Roman Chyla wrote:
Hi,
Good to see that you are ready for resource-hungry tests!
What would be the FASTEST way to ACCESS pdf documents that we
harvested over the network?
I guess the fastest way is to take a list of files from Valkyrie and
access/process them on machines with AFS access. We can set up a small
testing facility at CERN. The alternative is to send jobs to the GRID or
clouds, so that the files are downloaded directly from arXiv.
My idea is to package my indexing into one big python egg and
distribute this 'creature' with a starting script onto Hadoop or
whatever that Jan or Jukka make available.
OK. You can also think of doing the task in two parts:
1. semantic analysis which produces a new file stored in some FS (afs,
hdfs...)
2. indexing the documents produced in the previous step
The advantage is that for the indexing step you can use standard tool -
Katta (http://katta.sourceforge.net/), which will take care of doing the
distributed indexing with Hadoop and merging the index shards
automatically (including fault tolerance and load-balancing issues).
The individual eggs will turn into a living pythons (somewhere in the
grid, I don't care where), then using special HTTP telepathy they ask
for new food
eg: http://some-machine.cern.ch/hungry
json reply:
{ 'wait': 1,
'doc': 'new',
'url': 'http://some-other-machine/pdf/010546.pdf',
'id': 'arxiv:010546' }
So the python will wait one second, before s/he fetches
http://some-other-machine/pdf/010546.pdf
This should continue, until:
1. webserver serving pdf crashes,timeouts,explodes etc..
2. or sends '{'stop':1}
This Master-Worker task dispatcher will be useful in the GRID case. For
MapReduce however - the idea is that you pass the entire set of input
files as an argument and all the parallelization, load balancing and
fault tolerance is done for you.
Please note, THIS IS MADE ONLY TO TEST, I DON'T WANT TO SPEND TIME
MAKING IT ROBUST OR SOMETHING...the pythons should produce Lucene
indexes, which will be send back and gathered somewhere (I hope that
is possible), and then we will manually merge them.
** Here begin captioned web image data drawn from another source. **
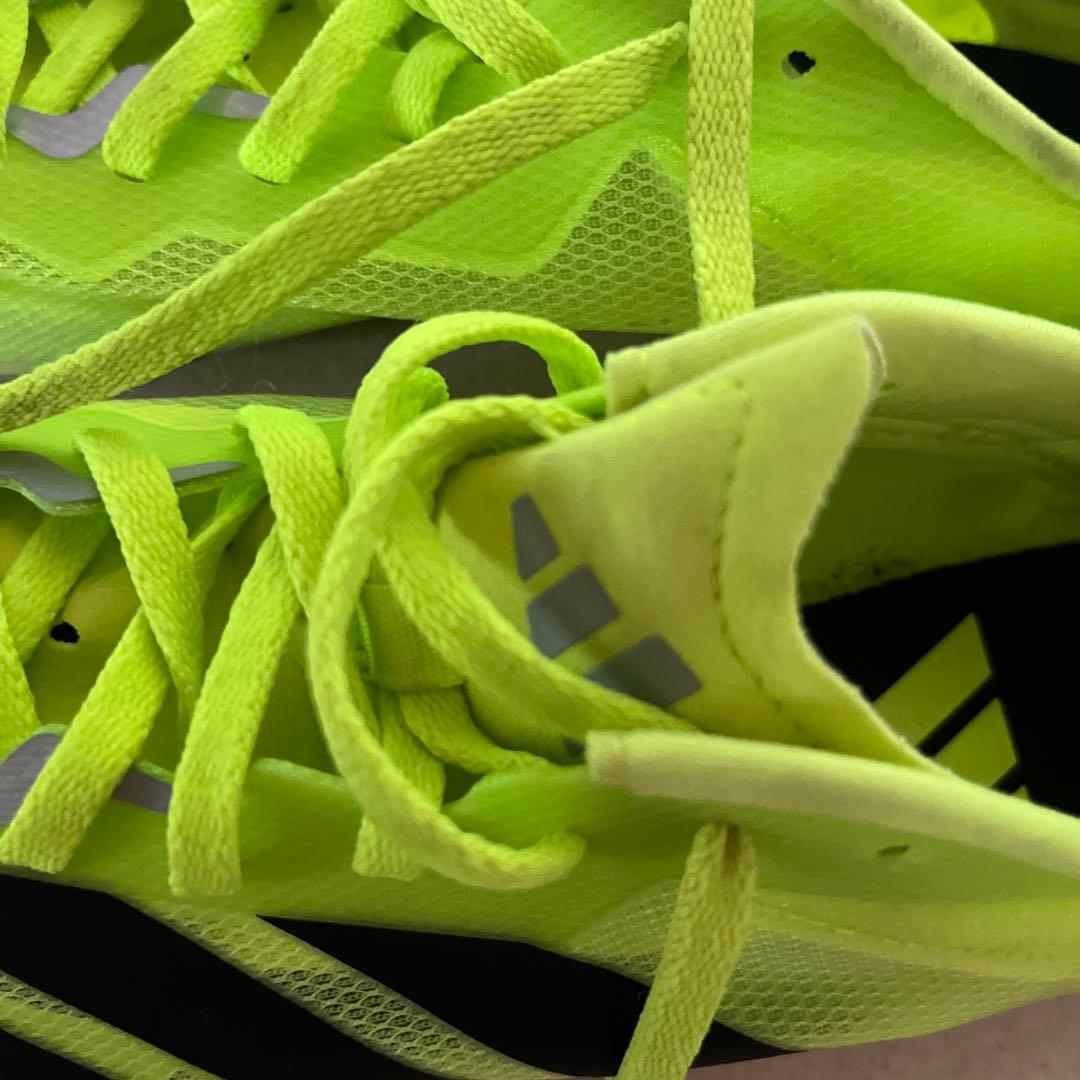 adidas 蛍光イエロー スパイクシューズ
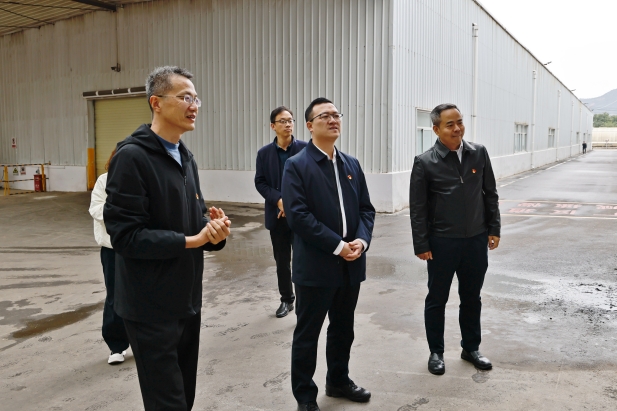 参观车间 (2).jpg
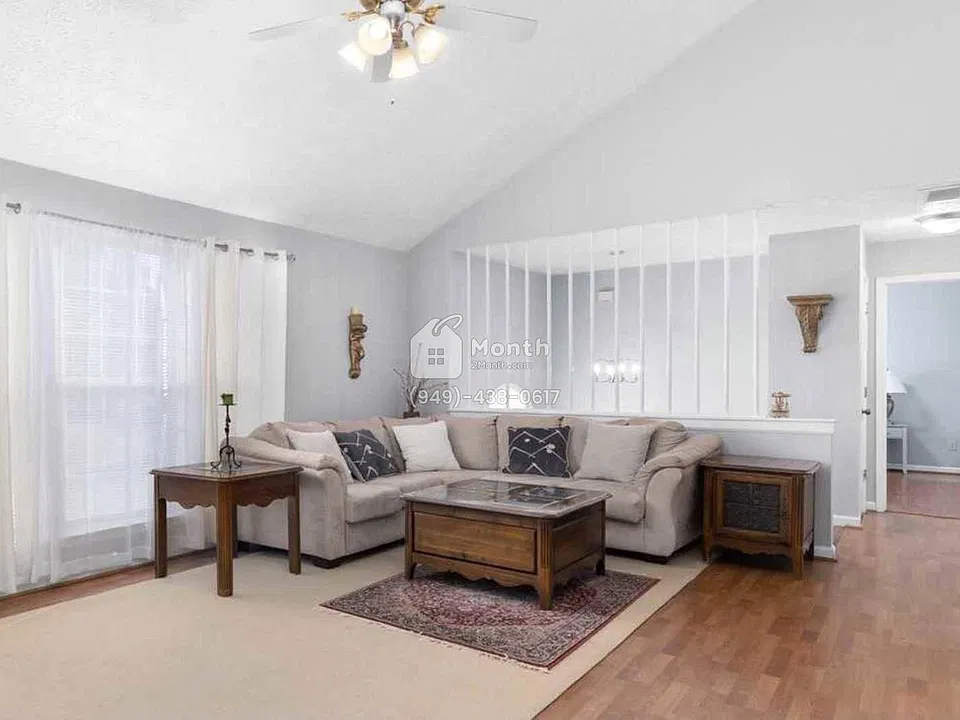 1775 Stoneoak Cir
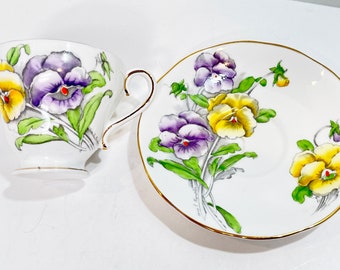 Pansies Teacup , Salisbury Teacup and Saucer , English Bone China , Antique Tea Cup Vintage , Floral Teacup , Housewarming Gift for Her ,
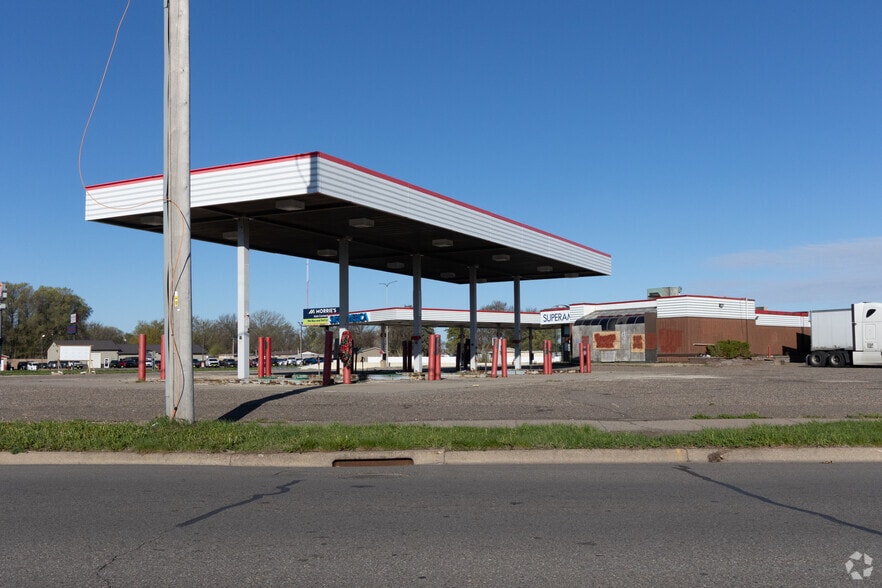 More Photos Of 600 Highway 10 S, Saint Cloud Convenience Store For Sale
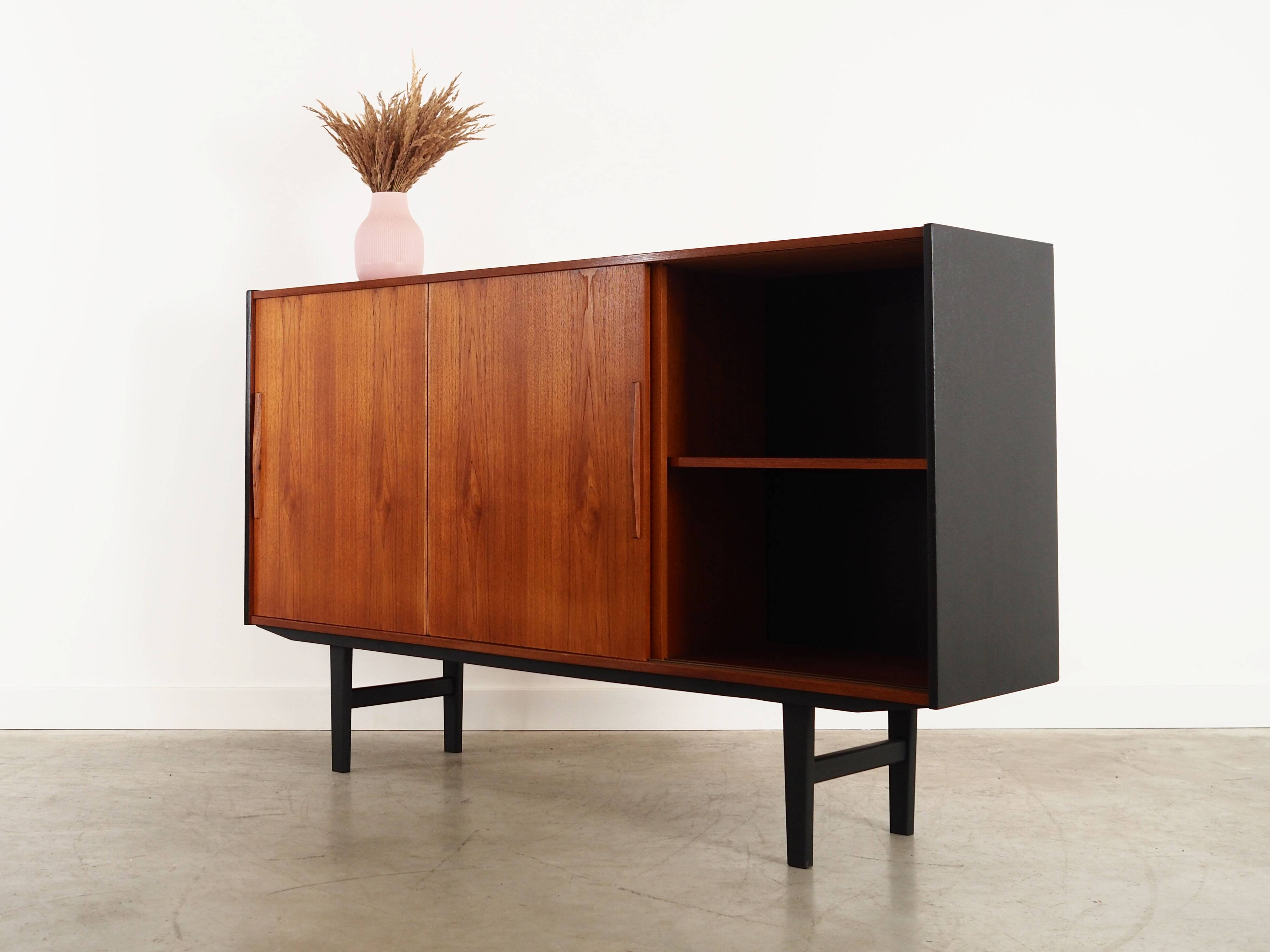 Buffet haut en teck, design danois, années 1960, production : Danemark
To test it, I just need to have one machine (webserver) to coordinate
it where I put my script, and some machine(s) serving the pdf files
over the network (apache).
What do you reckon?
You can start by doing basic tests at CERN and later send jobs to the
GRID or the recently established D4Science Hadoop cloud. Why don't we
meet tomorrow, before the INSPIRE Evo meeting and discuss?
Roman
Cheers,
Jan